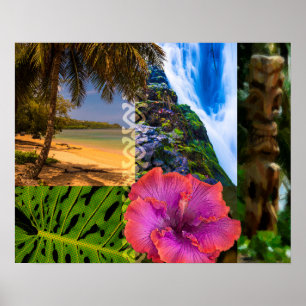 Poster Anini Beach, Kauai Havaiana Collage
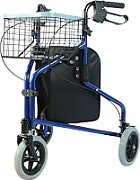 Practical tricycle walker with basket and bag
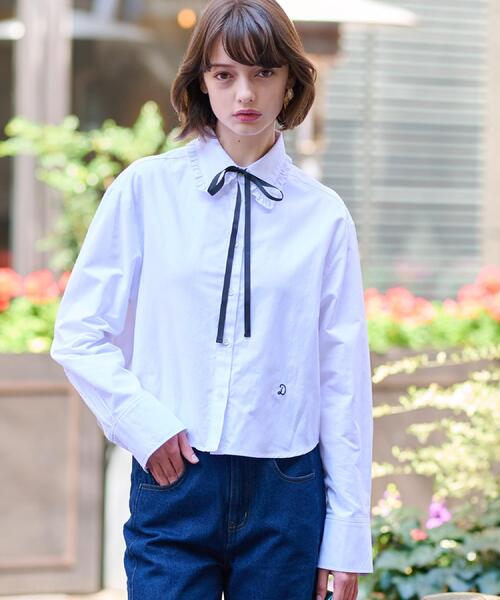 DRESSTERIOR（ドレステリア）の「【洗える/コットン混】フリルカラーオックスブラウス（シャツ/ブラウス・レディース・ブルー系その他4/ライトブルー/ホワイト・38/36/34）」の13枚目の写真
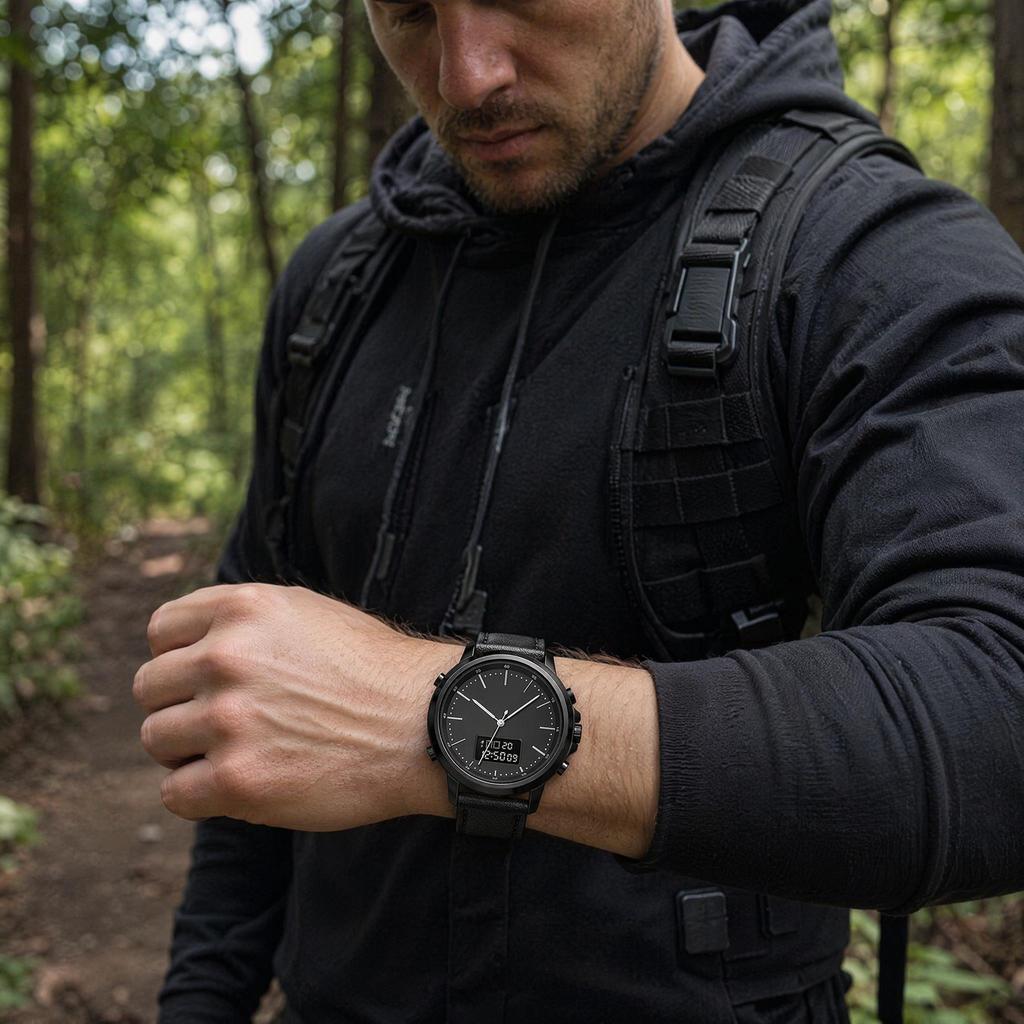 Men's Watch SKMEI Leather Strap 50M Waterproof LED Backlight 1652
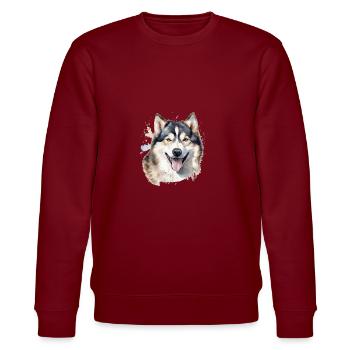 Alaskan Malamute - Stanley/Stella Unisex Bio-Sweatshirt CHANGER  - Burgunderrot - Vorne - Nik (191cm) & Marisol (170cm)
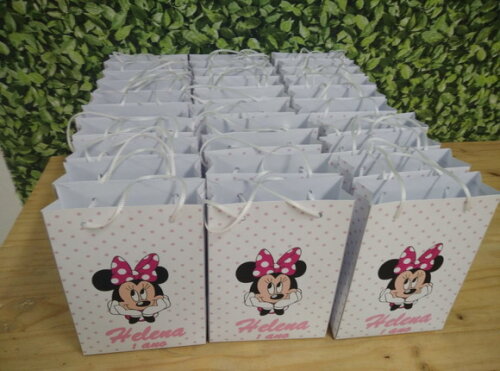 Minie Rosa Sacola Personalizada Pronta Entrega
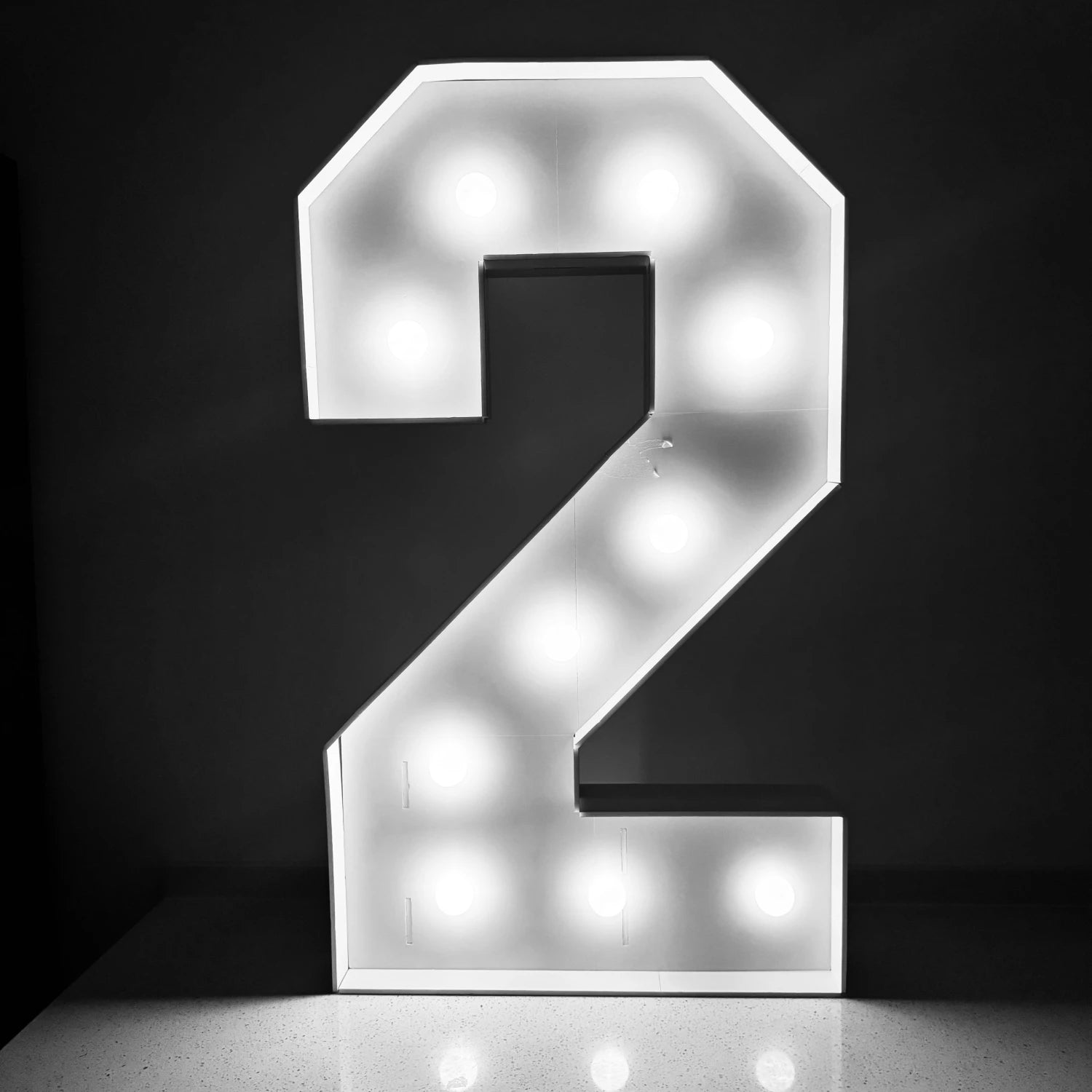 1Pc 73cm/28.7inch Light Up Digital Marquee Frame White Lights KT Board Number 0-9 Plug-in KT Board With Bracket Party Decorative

--

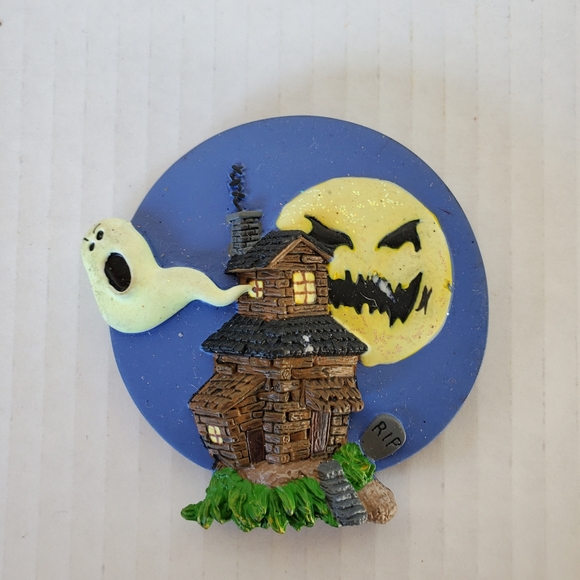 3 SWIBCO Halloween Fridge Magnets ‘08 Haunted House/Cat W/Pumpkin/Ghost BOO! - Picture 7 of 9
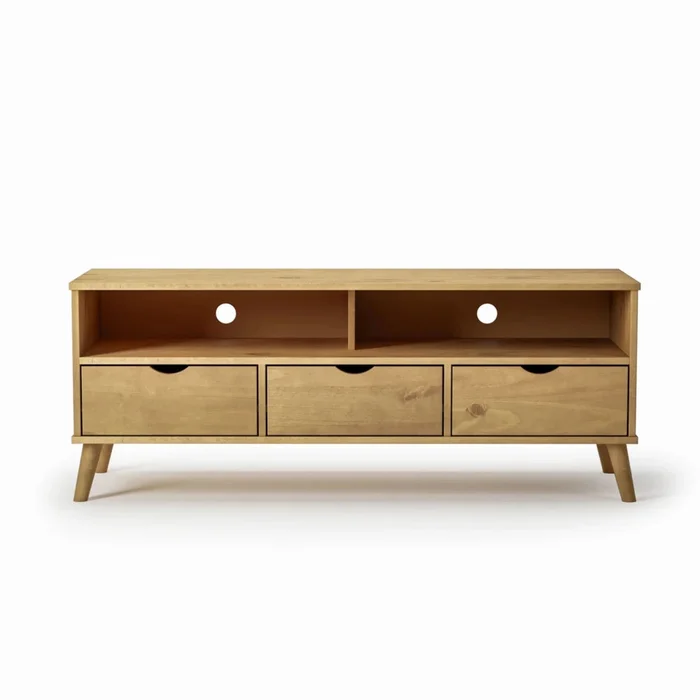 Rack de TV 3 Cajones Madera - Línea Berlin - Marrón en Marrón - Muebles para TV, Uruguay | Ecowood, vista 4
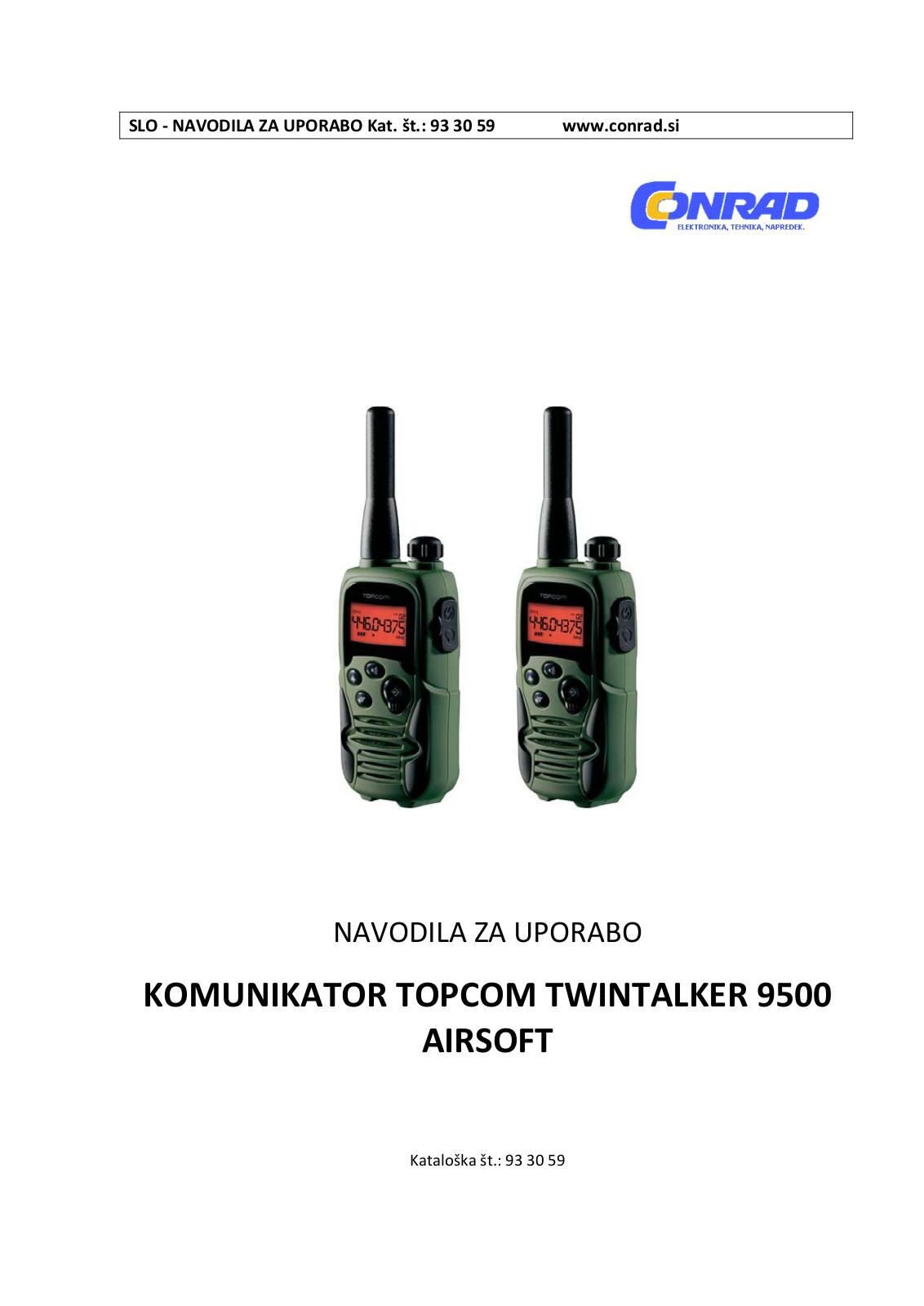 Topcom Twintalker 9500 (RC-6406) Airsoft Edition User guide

ACTION ITEM:
Although pictures appear among the records above, none are to be output; print exactly the lines from the line containing "Minie Rosa Sacola" through the line containing "1Pc 73cm/28.7inch Light".

EXERCISE ANSWER:
 Minie Rosa Sacola Personalizada Pronta Entrega
 1Pc 73cm/28.7inch Light Up Digital Marquee Frame White Lights KT Board Number 0-9 Plug-in KT Board With Bracket Party Decorative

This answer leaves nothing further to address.